In order to Tax non-monetary property and wealth the government sets an arbitrary price (they are not even personalized assesments) and often people transact below that price. I have bought and sold below that price. I want my government to declare the highest price it would buy at if I so decided.

Government: X is worth Y

Me: Sold (or not if I so wish)

How can we force (make an incentive compatible mechanism for) the government to reveil its indifference price towards all goods/property to be Taxed?

I want to solve an optimization problem to confirm the incentive compatibility. I am hoping for a stable equilibrium where not only an increase/decrease in the price (any deviation from the indifference price) puts the government in a worse position but also if the government were to declare any other price it would always improve its position be moving closer (the utility function should be unimodal with the mode equal to the government's indifference price and it should have no other local maximum) There should be uncertanty (the government doesn't know the Tax payers' reservation price otherwise the best choice would be to declare their reservation price over your own indifference price).

How I went about trying to solve the problem.

The government has a WTP Y (because either it values the asset at Y or because it can sell at Y if no agent has a higher WTP than the owner then obviously Y=Z) The owner has a WTS Z

The government want to maximize their wealth.

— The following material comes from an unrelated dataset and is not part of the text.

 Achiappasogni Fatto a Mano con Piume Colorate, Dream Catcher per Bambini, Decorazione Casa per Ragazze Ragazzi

So everytime anything lower than Y (X<Y) will not be declared because The government would lose on taxes (it can increase the tax revenues until Y without worrying about having to purchase)

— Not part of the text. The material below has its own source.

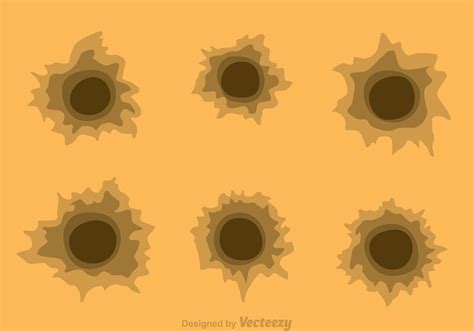 bullet holes  brown paper   vector art stock graphics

On the other hand when it declares something higher than Z the owner will sell making the government earn the tax rate but lose MR of 1.

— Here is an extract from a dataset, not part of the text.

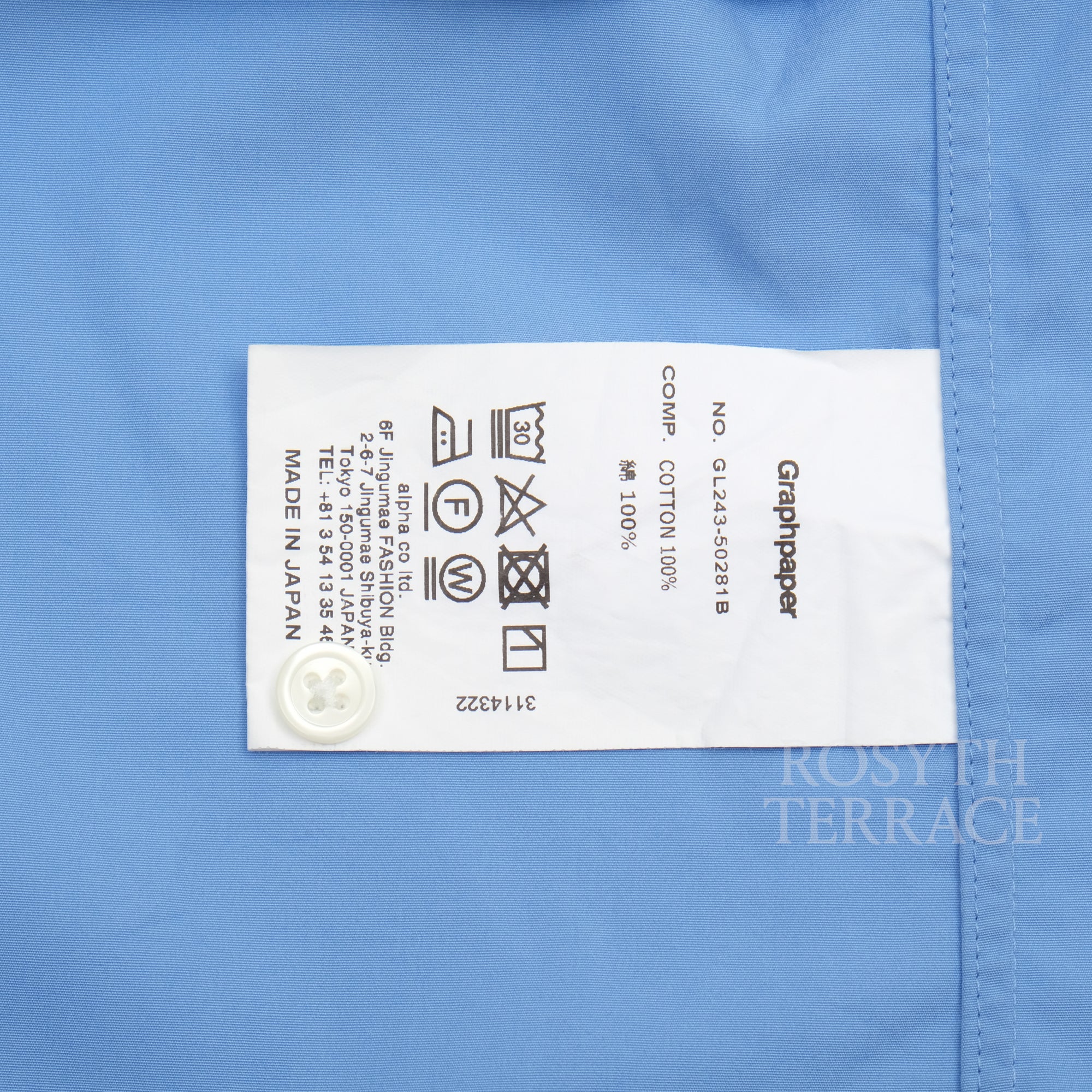 【Graphpaper / HIGH COUNT BROAD OVERSIZED REG COLLAR SHIRT / OS】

Let's say the tax rate in not constant but proportional to some tax rate for the highest valued asset

$\dfrac{x^2}{2w} + Y - X$ is the function of the of the government

We can see that when x < w (always true since w is the highest valued asset) The government actually loses more than it earns for declaring anything higher

I don't know how to account for uncertainty on Z

  • $\begingroup$ I don't understand your question. What do you mean by the government setting a price to tax something? What does it mean for people to transact below that price? $\endgroup$ Nov 3, 2021 at 23:07
  • $\begingroup$ @axelniemeyer The government (for tax purposes) "says" how much X (for example a house) is "worth". It sets some general and abstract criteria (for example surface area Z$ per square metre, location the price for a square metre depends on the location, floor a house in the third floor will be worth more than the same house in the basement), And it calculates the Tax you must pay as a percentage of that. The problem is that often what the government calculates is exorbitant (it also inflates thence the Tax payed) and you can find no one to transact at that price (it is merely fictitious). $\endgroup$ Nov 4, 2021 at 6:32
  • $\begingroup$ @axelniemeyer I want the assesments to be personalized and equal to the governments indifference price. $\endgroup$ Nov 4, 2021 at 6:33
  • $\begingroup$ I understand what you mean now but the question is still very vague. What kind of model do you have in mind? The government interacting with a single taxpayer in isolation and the valuations of both are their private information? This model is not very good in that the government's valuation comes somewhat out of nowhere. In practice, this valuation should be the resale price, which is more or less common knowledge, so your "russian roulette" mechanism would be the solution. Otherwise, can the taxpayer commit not to rebuy the house? Also, is the taxrate given exogenously? $\endgroup$ Nov 4, 2021 at 20:46
  • $\begingroup$ @axelniemeyer The government interacts with every taxpayer but since we have variables (we don't need a numerical value for any of them) and we can consider the incentives to be similar (profit-seeking not loss-seeking) we can choose to make the interaction 1-1 to make things easier. Or we can complicate stuff by adding many taxpayers and a liquidity problem (if every taxpayer or at least a lot of them decided to sell maybe the government could not meet the supply). The valuations of both (every person) should probably be private information. $\endgroup$ Nov 4, 2021 at 23:42

2 Answers 2


I think I understood your question. You want a mechanism through which the government and the owner of the non-monetary asset interact in such a way that the tax charged is "fair", right? If this is correct I think the issue here is to define what would be a "fair" tax, and in your question you are assuming that fairness will be for the tax to the depend on the government valuation. However, I believe the government's value for someone's house, for example, has no reason to be different from the house's market value, so I think what you want is simply that the basis value for the tax to be the house's market value, but this should be public information.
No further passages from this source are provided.